The Theosophical Society was founded in New York in 1875 with the objective of
studying paranormal phenomena, but quickly grew into an international network of professionals
searching for spiritual and philosophical alternatives to organized, mainstream religion.
Theosophists were amongst the earliest residents of the First Garden City of Letchworth, and by
1920 the Theosophical Society built a boarding school and a Lodge in Letchworth, and had
organized several conferences on the progressive planning ideals of the Garden City movement.
Between 1924 and 1928 the Theosophical Society built its own Garden City on the outskirts of
Bombay, and in 1926 it launched a lecture series, a magazine and a radio station that would
popularize the idea of Garden City living in Australia.
Using urban design plans, polemical texts and newspaper articles from England, India
and Australia, this paper argues that the Theosophical Society appropriated and transformed
Ebenezer Howard’s Garden City concept from an ideal of city planning into a means of conflict
resolution. Thus, I show that while the Theosophical Society viewed the Garden City as a
modern example of communitarian living, it did not associate the Garden City with any
particular urban form. On the contrary, the Theosophical Society was remarkably anti-formalist
in its study and reproduction of the Garden City. Rather than specify the ideal density, plot
layout or open space requirements for its own Garden cities in India and Australia, the
Theosophical Society only specified how to resolve disputes between members of a
Theosophical Garden City. Instead of seeing the Garden City as an ideal urban form in which
different classes lived together in an organic social harmony, the Theosophical Society
understood the Garden City as a site for provoking and transcending social antagonisms. By the
mid-1920s, the Theosophical Society would even publicly advocate its Garden Cities as means
for overcoming the rise of Fascism and Soviet Socialism.
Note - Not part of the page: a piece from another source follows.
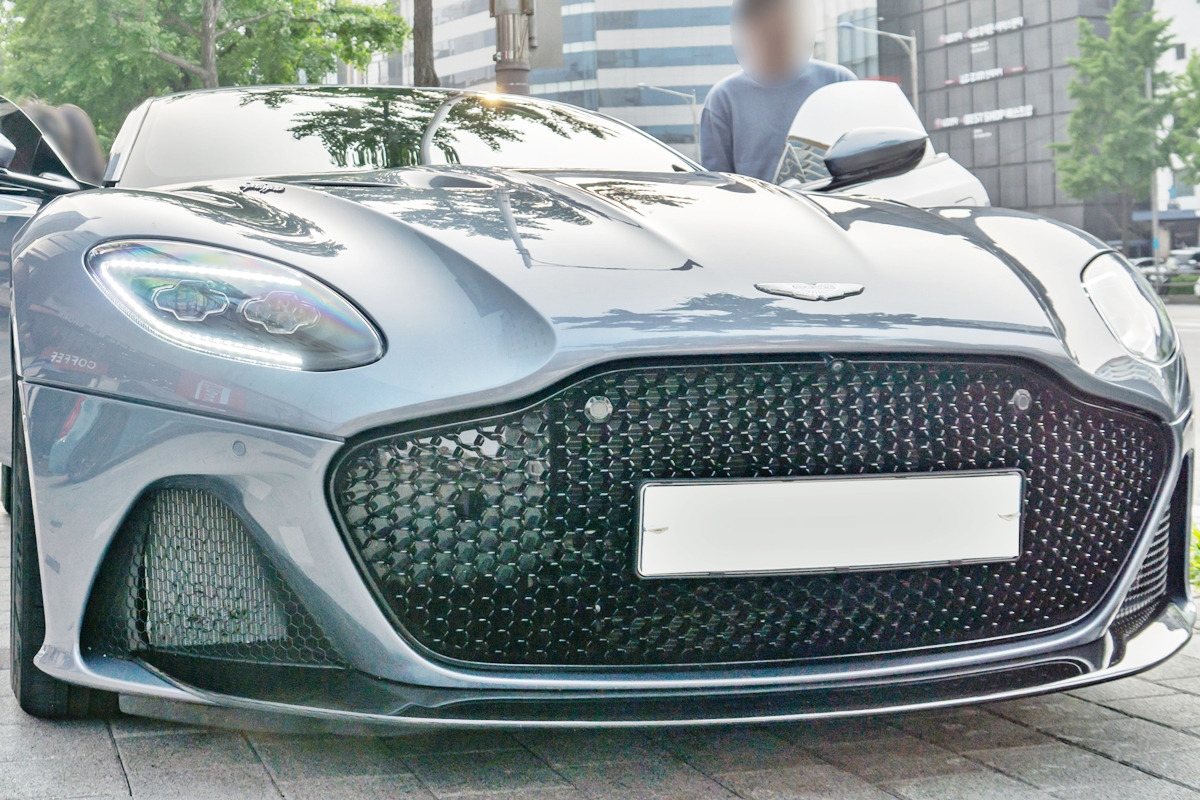 0_애스턴마틴 DBS 슈퍼레제라_네이버 남차카페 '수원ll신근'님_2.jpg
This paper revises the history of the Garden City movement by showing how the
Theosophical Society appropriated and transformed Ebenezer Howard’s idea of land-based
social reform into a program that used experimental pedagogy and public arts performance for
conflict resolution. More broadly, this paper also provides insight into how the rhetoric of
spirituality challenged the normative public health goals of modern town planning.